Review: Yes Featuring ARW’s ‘Live At The Apollo’ Makes The Case For Two Yesses

Comb through the history of Biff Bam Pop and you’ll discover that I’m a big fan of the Rock and Roll Hall of Fame progressive rock group, Yes. I’ve reviewed albums and talked to band members, and my love for the group has only increased over the decades I’ve been listening.

However, in 2017, things became a little problematic in Yesworld, when three former members of the band (founding member, lead vocalist and lyricist Jon Anderson, frequent keyboardist Rick Wakeman, and ‘80s guitarist and now film composer Trevor Rabin) began touring under the name Yes Featuring Anderson Rabin Wakeman. Why the ‘featuring’? Well, that’s because there’s a band out there called Yes, that’s always been Yes, and that features longtime guitarist Steve Howe and drummer Alan White (along with keyboardist Geoff Downes, singer Jon Davison, and Billy Sherwood, who was bequeathed the role of bassist by founding member Chris Squire just prior to his death in 2015). It’s a messy and convoluted scenario that’s led to a lot of ill will between both groups, not to mention Yes fandom, which is one of the most vocal of any group I’ve ever been a part of.
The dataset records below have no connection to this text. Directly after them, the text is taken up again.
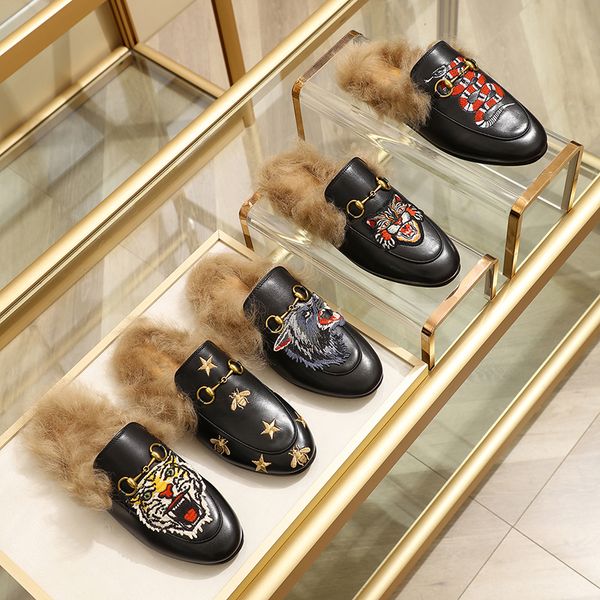 men women princetown leather velvet fur slippers women loafers with soft fur lady mens mules winter slipper flats with box size eur34-46, Black
men women princetown leather velvet fur slippers women loafers with soft fur lady mens mules winter slipper flats with box size eur34-46, Black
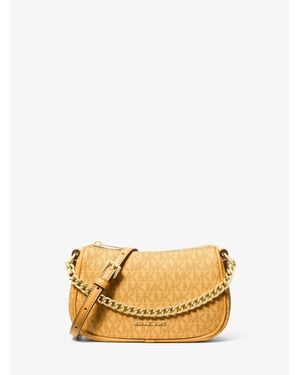 Michael Kors Outlet Carmela Small Signature Logo Convertible Crossbody Bag - Metallic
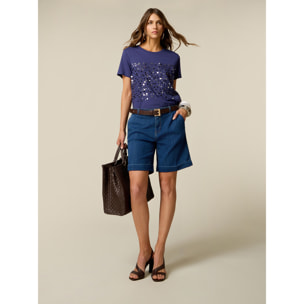 Oltre - Shorts de denim mezcla viscosa - Azul
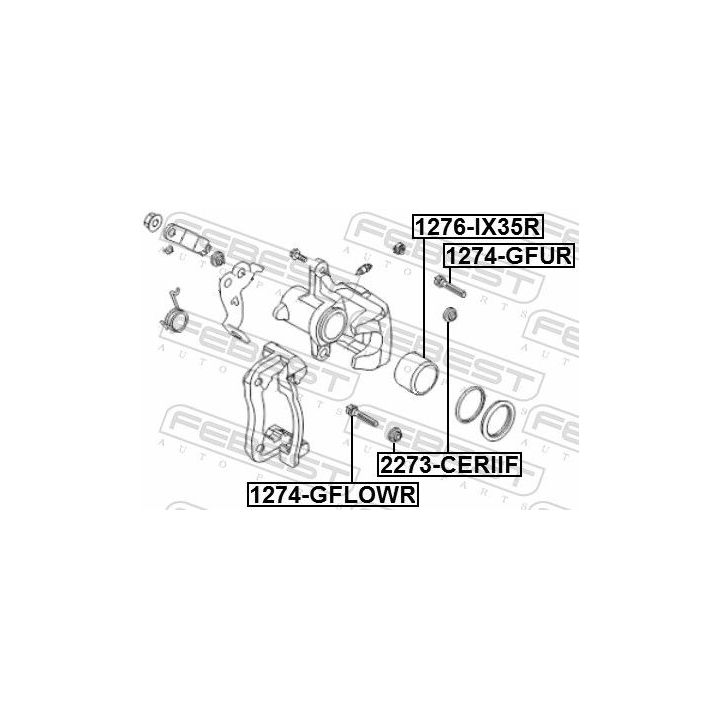 Kreipiantysis varžtas, stabdžių apkaba FEBEST 1274-GFUR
For me, my loyalty has mainly been with what I call heritage Yes, which features a group of musicians that have never actually left the band. The same can’t be said for ARW – Anderson’s left the group roughly four times, Wakeman five, and Rabin a scant once. However, on the flip side, Anderson is a founding member of the group, a mastermind behind its most enduring music, and in possession of the voice that really makes Yesmusic instantly recognizable. He also has a legal right to use the name.
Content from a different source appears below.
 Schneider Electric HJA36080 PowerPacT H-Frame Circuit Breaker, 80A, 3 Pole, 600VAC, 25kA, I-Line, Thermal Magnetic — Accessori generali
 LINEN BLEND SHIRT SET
See what I mean by convoluted?

All that stops though once both bands walk on stage. In what has seriously got to be, if not a first, then in the single digits, both Yes and Yes Featuring ARW actually deliver outstanding shows that make the case that each of them embody the sound and spirit of Yes. Last year, heritage Yes released an outstanding live album, Topographic Drama, that could be the best in the band’s catalogue. And then just yesterday, Yes Featuring ARW put out Live At The Apollo, which finds Anderson, Rabin, and Wakeman (alongside drummer Lou Molino and bassist Lee Pomeroy) delivering a spectacular show that feels fresh and reinvigorated.

Rabin, who spent the last two plus decades in the studio recording film scores, unleashes his guitar playing as though he has something to prove (which he doesn’t, by the way). He masterfully delivers material he originated (‘Lift Me Up’, ‘Rhythm of Love’), while putting his own spin on pieces created by Steve Howe. Wakeman, clad in cape on the Blu-ray, is clearly enjoying himself playing his own classic parts, while adding prog rock flourishes to Rabin-era work.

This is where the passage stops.